## What you have to do
Among the lines below, restate word for word only those from the line with "MSI GF63 Thin" through the line with "S-Baxt-Hood Sweat-Shirt", with both end lines kept.

## Data for this exercise
####################

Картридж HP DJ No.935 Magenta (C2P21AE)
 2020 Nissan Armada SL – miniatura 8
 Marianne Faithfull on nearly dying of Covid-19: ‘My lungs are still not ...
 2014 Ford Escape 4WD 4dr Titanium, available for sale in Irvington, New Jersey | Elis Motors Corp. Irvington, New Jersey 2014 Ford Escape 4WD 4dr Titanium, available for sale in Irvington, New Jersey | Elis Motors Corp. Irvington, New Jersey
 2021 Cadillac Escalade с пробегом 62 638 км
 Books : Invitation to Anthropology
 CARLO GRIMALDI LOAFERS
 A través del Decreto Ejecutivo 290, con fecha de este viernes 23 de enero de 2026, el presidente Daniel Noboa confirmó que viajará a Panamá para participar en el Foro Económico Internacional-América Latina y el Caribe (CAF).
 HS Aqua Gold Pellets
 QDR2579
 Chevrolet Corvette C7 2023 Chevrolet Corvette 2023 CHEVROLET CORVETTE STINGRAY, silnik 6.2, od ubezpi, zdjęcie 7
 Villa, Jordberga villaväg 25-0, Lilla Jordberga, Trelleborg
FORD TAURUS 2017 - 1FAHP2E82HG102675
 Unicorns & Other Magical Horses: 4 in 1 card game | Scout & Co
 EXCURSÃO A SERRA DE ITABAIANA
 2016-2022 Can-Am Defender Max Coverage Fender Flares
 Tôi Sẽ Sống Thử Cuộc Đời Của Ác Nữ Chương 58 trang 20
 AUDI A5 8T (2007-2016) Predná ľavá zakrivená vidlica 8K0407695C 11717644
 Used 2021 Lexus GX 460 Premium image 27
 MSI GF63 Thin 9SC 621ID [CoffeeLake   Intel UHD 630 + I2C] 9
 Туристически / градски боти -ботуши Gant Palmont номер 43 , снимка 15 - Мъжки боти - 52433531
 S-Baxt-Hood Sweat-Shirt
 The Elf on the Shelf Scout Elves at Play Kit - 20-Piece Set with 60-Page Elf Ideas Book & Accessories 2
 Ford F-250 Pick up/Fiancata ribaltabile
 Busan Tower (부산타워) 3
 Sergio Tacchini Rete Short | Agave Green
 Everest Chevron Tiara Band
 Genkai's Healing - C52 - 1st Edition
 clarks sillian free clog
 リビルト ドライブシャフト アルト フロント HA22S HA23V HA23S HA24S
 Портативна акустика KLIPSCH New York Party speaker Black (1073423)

####################

## Solution to this problem
 MSI GF63 Thin 9SC 621ID [CoffeeLake   Intel UHD 630 + I2C] 9
 Туристически / градски боти -ботуши Gant Palmont номер 43 , снимка 15 - Мъжки боти - 52433531
 S-Baxt-Hood Sweat-Shirt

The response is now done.